Fusion CIA-CEH : l’enjeu majeur de la pénibilité

Si les assurés de la CIA connaissent actuellement un âge de départ à la retraite sans pénalités (âge pivot) à partir de 62 ans, leurs collègues de la CEH bénéficient de la possibilité d’acquérir une rente pleine à 60 ans déjà. Lors des travaux exploratoires autour de la fusion, le problème de ce différentiel avait été quelque peu escamoté par l’élaboration d’un plan commun de prestations dit « équivalent » qui octroyait cet avantage à l’ensemble des assurés de la future caisse. Le problème, qui refait violemment surface aujourd’hui, repose sur le fait que l’on n’a jamais eu le financement pour un tel plan et que la situation s’est encore aggravée, fin 2009, avec la découverte d’une longévité accrue des pensionnés des deux caisses, par rapport aux tables de mortalité VZ2005 qui devaient initialement servir de référence actuarielle. Et avec un taux de cotisation qui devrait avoisiner finalement les 35,4% (au lieu de 24% pour la CIA et 22% pour la CEH actuellement) pour financer un tel plan, il y a fort à parier que nombreux membres de la CEH verraient d’un mauvais œil qu’une part non-négligable de l’augmentation très importante de leurs cotisation dans cette hypothèse (+60%) servent à améliorer les conditions de retraite de leurs collègues.

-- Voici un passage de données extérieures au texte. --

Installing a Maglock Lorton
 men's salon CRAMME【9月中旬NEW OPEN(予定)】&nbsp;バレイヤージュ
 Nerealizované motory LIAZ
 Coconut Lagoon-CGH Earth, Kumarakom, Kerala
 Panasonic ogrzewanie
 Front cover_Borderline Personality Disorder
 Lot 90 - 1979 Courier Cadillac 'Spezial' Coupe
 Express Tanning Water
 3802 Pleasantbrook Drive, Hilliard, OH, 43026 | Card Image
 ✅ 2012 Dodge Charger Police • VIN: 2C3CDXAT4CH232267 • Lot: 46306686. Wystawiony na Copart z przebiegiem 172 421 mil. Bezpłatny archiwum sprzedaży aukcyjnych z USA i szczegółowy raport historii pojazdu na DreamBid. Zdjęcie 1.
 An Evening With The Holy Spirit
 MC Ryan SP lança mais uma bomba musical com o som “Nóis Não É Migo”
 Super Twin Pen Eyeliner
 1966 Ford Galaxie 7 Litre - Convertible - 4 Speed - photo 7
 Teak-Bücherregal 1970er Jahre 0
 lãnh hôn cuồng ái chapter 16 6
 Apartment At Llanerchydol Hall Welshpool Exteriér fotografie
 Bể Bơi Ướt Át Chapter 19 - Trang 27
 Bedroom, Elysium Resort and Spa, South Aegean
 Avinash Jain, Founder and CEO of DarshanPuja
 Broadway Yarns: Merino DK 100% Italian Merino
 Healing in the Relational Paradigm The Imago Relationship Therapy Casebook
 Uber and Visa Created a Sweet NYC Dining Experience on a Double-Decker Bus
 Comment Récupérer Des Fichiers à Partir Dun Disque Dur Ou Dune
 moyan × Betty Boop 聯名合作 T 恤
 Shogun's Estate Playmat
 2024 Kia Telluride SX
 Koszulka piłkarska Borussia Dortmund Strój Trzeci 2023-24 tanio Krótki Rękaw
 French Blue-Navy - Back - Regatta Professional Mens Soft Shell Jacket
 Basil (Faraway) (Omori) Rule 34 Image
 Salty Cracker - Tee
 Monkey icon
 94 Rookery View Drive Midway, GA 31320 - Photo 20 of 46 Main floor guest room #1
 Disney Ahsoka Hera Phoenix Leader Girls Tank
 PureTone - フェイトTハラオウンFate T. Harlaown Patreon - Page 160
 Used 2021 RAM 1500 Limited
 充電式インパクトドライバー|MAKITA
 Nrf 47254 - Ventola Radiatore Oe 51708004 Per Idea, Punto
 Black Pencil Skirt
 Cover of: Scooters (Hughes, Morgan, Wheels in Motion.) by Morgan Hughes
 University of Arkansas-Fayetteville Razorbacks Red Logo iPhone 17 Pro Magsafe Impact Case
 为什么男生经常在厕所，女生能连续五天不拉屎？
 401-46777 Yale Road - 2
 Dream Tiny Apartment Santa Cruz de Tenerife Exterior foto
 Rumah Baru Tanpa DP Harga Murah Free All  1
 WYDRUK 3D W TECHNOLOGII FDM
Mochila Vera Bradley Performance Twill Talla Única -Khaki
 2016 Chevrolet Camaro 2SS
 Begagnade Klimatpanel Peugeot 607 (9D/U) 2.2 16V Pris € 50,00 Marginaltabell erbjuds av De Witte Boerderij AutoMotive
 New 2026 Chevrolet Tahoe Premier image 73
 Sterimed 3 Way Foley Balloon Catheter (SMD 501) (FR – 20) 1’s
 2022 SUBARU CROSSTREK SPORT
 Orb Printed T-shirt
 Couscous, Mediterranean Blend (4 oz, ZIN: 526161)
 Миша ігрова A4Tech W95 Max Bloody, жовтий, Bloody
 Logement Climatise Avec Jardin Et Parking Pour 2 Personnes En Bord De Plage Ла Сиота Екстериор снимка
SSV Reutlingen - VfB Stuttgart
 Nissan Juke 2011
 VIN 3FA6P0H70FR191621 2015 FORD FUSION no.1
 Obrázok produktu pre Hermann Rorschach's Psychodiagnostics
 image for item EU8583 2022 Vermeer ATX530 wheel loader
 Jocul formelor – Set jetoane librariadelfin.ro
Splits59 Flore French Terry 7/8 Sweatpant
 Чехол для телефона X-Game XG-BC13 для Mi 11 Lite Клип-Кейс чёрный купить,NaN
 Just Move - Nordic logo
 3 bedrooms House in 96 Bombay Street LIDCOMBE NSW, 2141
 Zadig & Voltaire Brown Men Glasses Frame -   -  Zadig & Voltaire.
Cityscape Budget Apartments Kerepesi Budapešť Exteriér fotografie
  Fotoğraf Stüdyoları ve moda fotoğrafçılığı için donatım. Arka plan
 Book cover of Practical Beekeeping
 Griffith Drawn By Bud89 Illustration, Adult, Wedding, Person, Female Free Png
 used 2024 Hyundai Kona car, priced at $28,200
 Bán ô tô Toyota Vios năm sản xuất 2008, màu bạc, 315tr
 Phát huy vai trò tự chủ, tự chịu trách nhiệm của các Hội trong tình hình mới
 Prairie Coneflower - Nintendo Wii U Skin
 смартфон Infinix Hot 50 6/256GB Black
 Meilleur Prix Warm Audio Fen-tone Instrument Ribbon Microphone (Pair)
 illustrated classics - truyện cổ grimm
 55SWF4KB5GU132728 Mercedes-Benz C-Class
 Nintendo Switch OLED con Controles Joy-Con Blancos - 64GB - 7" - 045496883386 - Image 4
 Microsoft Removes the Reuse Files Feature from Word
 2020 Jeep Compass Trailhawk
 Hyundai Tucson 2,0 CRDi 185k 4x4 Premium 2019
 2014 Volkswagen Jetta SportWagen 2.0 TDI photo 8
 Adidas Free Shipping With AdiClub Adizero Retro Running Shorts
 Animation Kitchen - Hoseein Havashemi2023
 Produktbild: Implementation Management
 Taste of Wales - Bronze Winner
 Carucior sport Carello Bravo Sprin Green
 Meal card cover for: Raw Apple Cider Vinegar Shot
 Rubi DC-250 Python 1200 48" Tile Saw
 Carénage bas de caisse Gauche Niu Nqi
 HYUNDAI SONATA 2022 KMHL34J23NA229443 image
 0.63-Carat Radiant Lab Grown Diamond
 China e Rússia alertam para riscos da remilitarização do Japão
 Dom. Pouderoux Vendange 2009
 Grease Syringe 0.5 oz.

C’est bien ce qui a conduit le Conseil d’Etat à revoir son projet initial, qui était de trouver des sources de financement au moyen d’adaptations marginales du plan équivalent, pour finalement proposer un nouveau plan de prestations. Une première fois fin avril, avec un projet qui a été refusé successivement par l’Assemblée des délégués du Cartel intersyndical et par l’Assemblée générale de la fonction publique et du secteur subventionné. Une seconde fois, le 29 juillet dernier. Ce dernier plan est toujours basé sur la déduction de coordination du plan Vaudois, qui module, selon l’une de nos exigences, les baisses de prestations en fonction du niveau de salaire. Cela signifie que le montant des retraites des basses classes, à l’âge terme, ne baisse pas, voire sont légèrement augmentées, tandis que les plus hauts salaires voient leurs rente baisser, progressivement jusqu’à environ 11% pour une classe 25. Par contre l’âge pivot est ramené à 63 ans (contre 64), la durée de cotisations à 39 ans (au lieu de 40) et les déductions pour anticipation de départ sont également réduites. A ces améliorations objectives sont venues s’ajouter des mesures transitoires particulièrement avantageuses qui permettront aux salarié-e-s déjà affilié-e-s de faire valoir l’intégralité de leurs droits acquis sous l’ancien plan dans le nouveau.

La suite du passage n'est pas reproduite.